Data items:

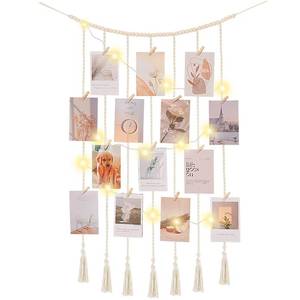 lot 7551 image: Poefditev Macrame Hanging Photo Display Boho Wall Decor with String Lights Wooden Beads Garland Picture Frame Collage Holder with 30 Clips for Room, Bedroom, Dorm, Christmas Teenage Teen Girl Gifts (Beige, Medium) - Retail $9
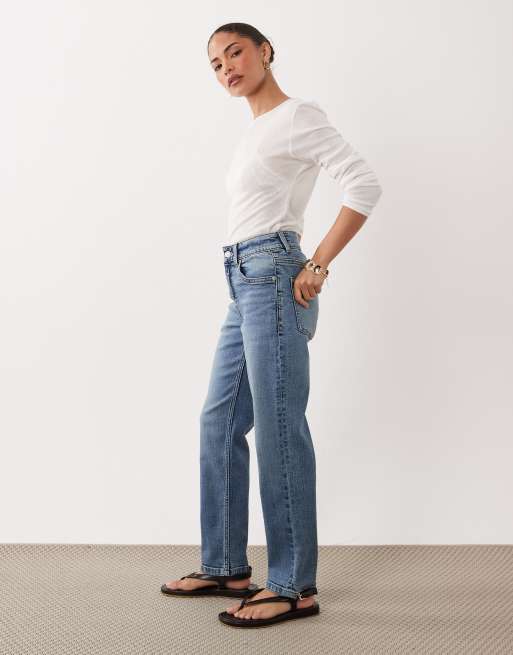ASOS DESIGN Petite - Jean mom slim authentique - Délavage moyen, 2 de 5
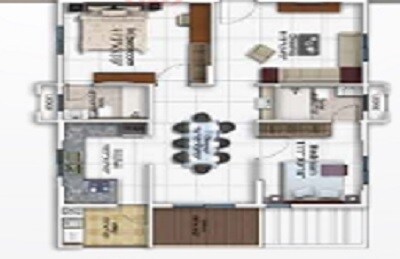 Floor plan of 2 BHK 1315 Sq. Ft. Apartment in DSR Vertex And Apex, Bangalore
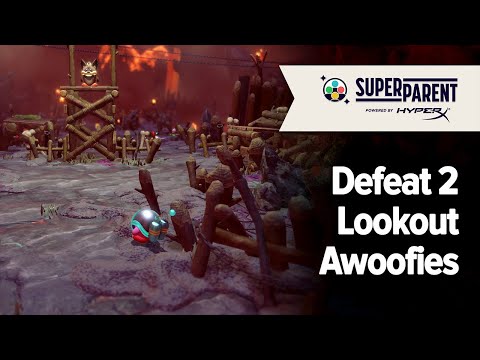 Kirby and the Forgotten Land Enter the Fiery Forbidden Lands - How to Defeat 2 Lookout Awoofies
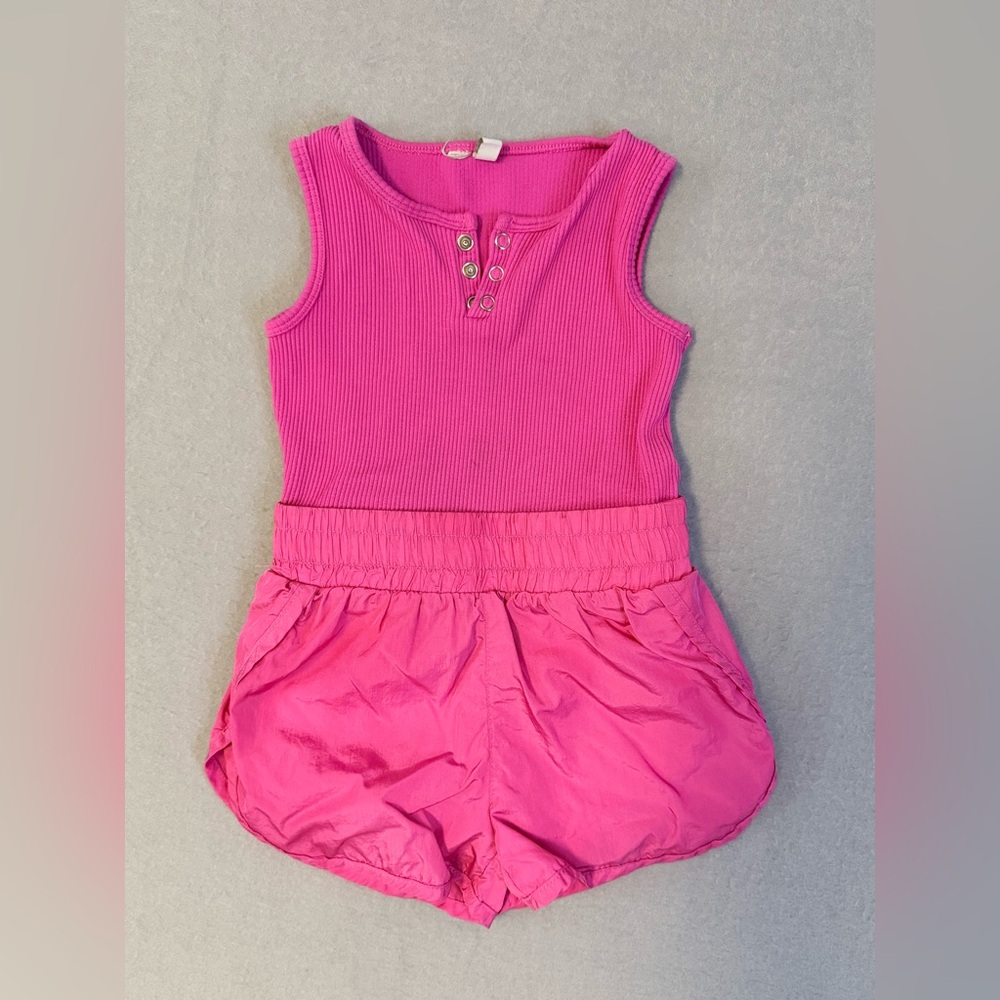 TRCTR(tag Missing) Running Romper Hot Pink Girls Size 4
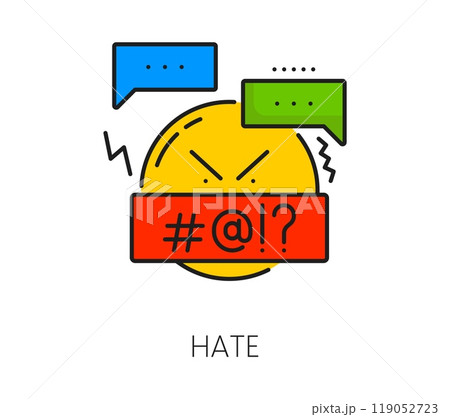Web blogging or social media hate line icon. Online content, web blogging problem or network social media bad comment thin line vector symbol. Blogger hate speech linear icon with swearing smile 119052723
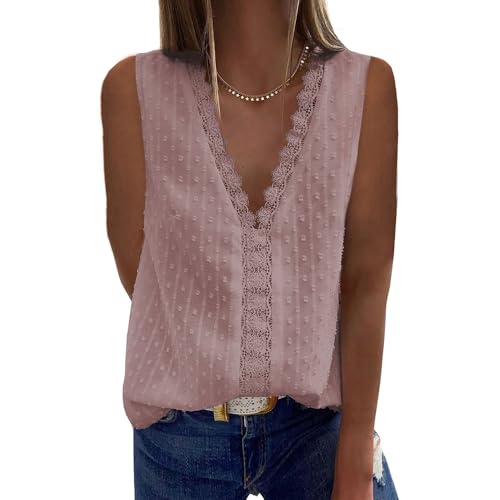 Coloody Damen Bluse Spitzen Tops V Ausschnitt Elegant Ärmellos Chiffon Tunika Casual Oberteile Hemd Dame Blusen Weste Tops(Rosa) XXL von Coloody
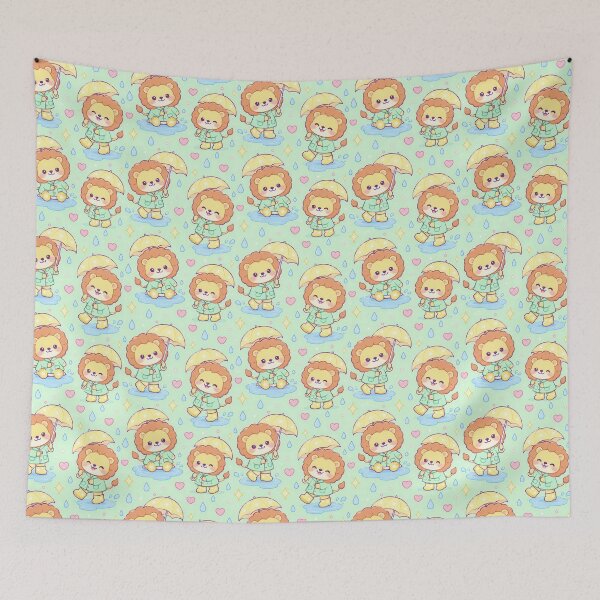 Item preview, Kawaii Rainy Day Lion Pattern with Star Rain Boots and Yellow Umbrellas designed and sold by Soft Berry Studio.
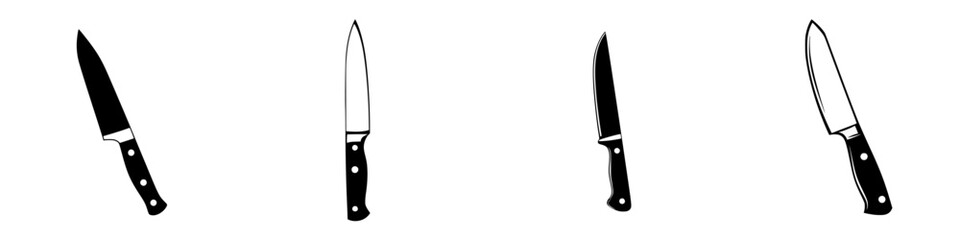 Poster - Flat black icons showcasing various knife designs with different blade shapes and handles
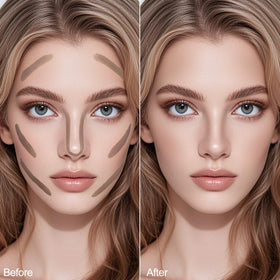 Erinde product used on cheekbone to define and matte finish
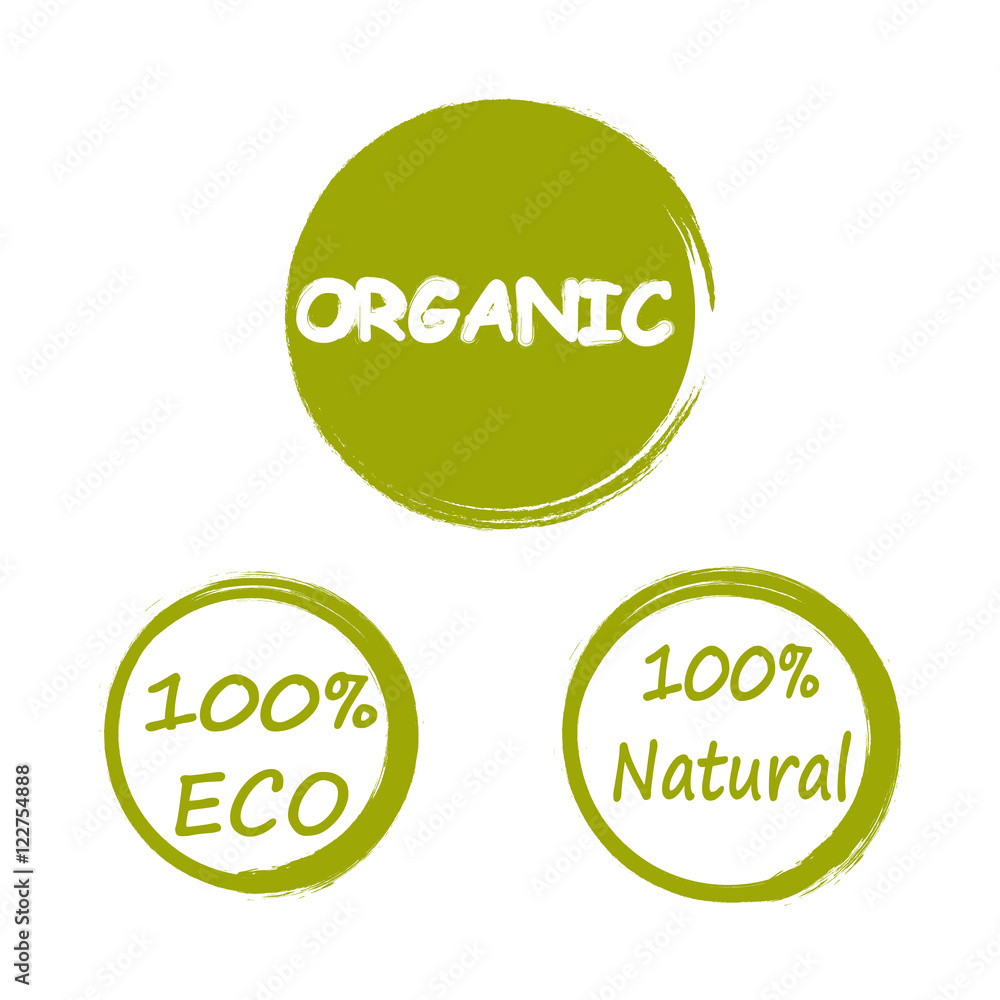 natural, eco, organic logos grunge style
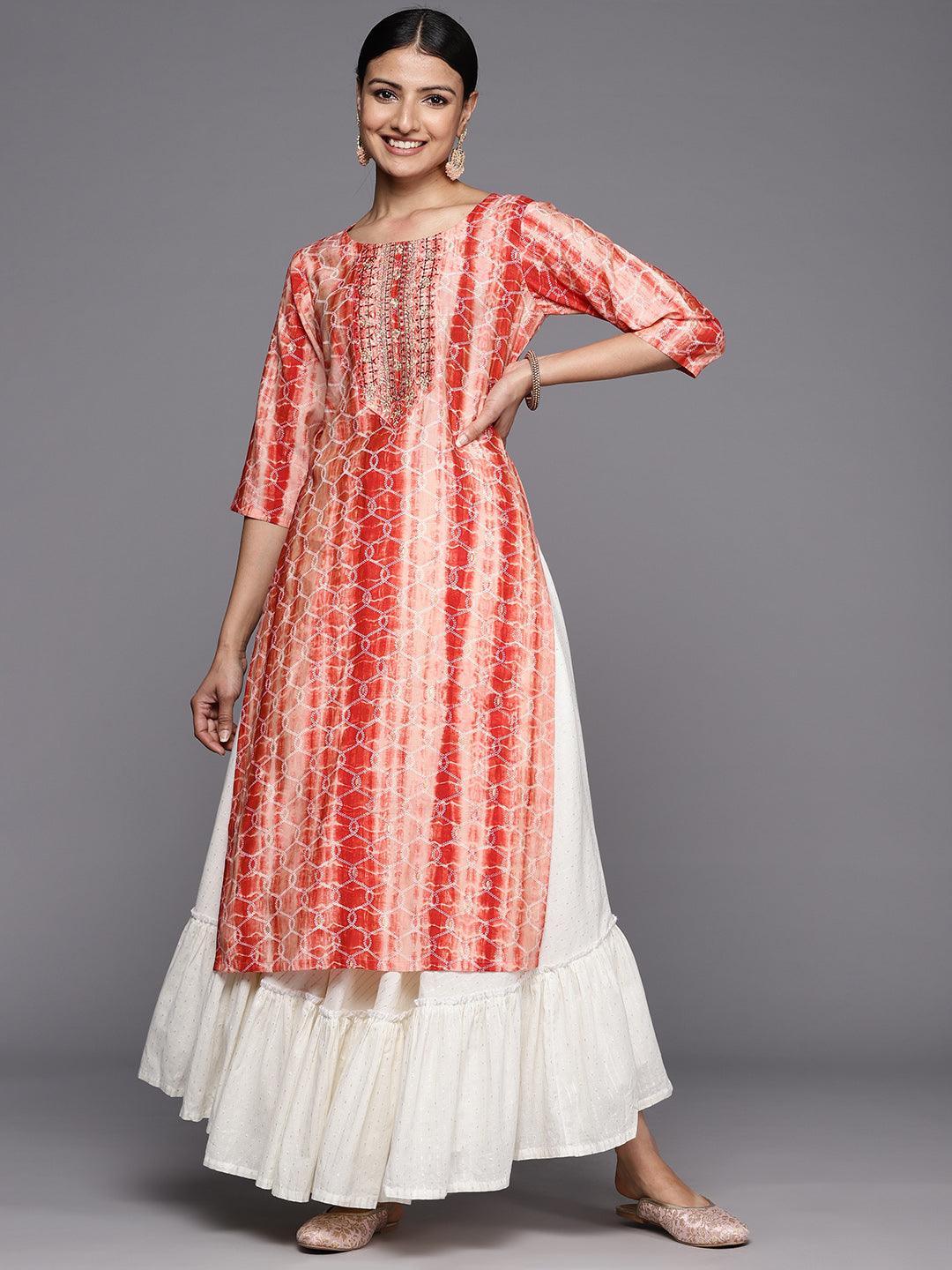 Rust Printed Silk Straight Kurta - ShopLibas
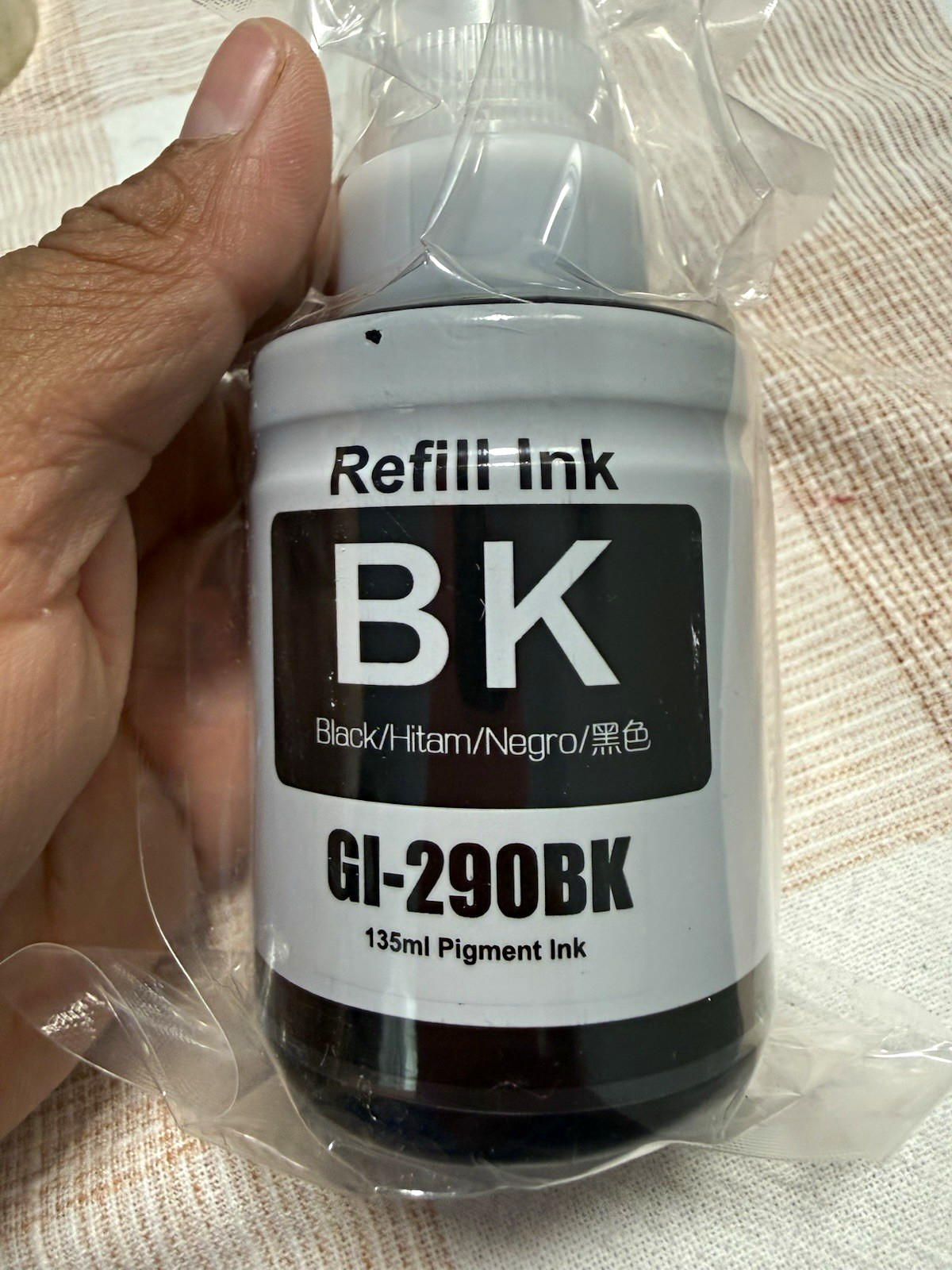 GI-290BK Black Pigment Refill Ink Bottle 135ml for Canon Inkjet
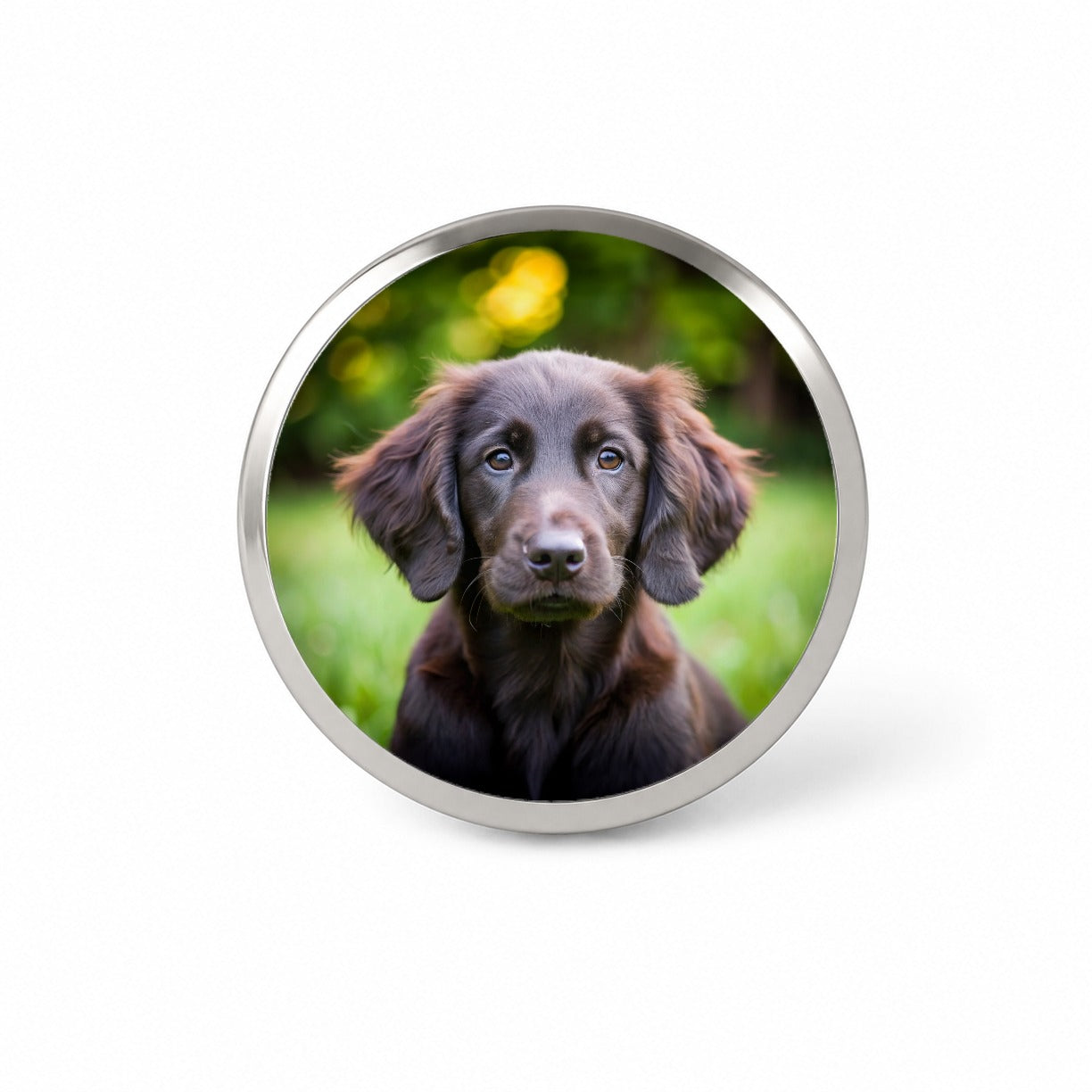 Flat Coated Retriever Dog Puppy Photo Novelty Hat Backpack Lapel Pin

• **Problem description**: If a line comes after the line with "TRCTR(tag Missing) Running", it stays out; print exactly every line from the start of the entries up to and including that line, but no pictures.

• **Result**:
 lot 7551 image: Poefditev Macrame Hanging Photo Display Boho Wall Decor with String Lights Wooden Beads Garland Picture Frame Collage Holder with 30 Clips for Room, Bedroom, Dorm, Christmas Teenage Teen Girl Gifts (Beige, Medium) - Retail $9
ASOS DESIGN Petite - Jean mom slim authentique - Délavage moyen, 2 de 5
 Floor plan of 2 BHK 1315 Sq. Ft. Apartment in DSR Vertex And Apex, Bangalore
 Kirby and the Forgotten Land Enter the Fiery Forbidden Lands - How to Defeat 2 Lookout Awoofies
 TRCTR(tag Missing) Running Romper Hot Pink Girls Size 4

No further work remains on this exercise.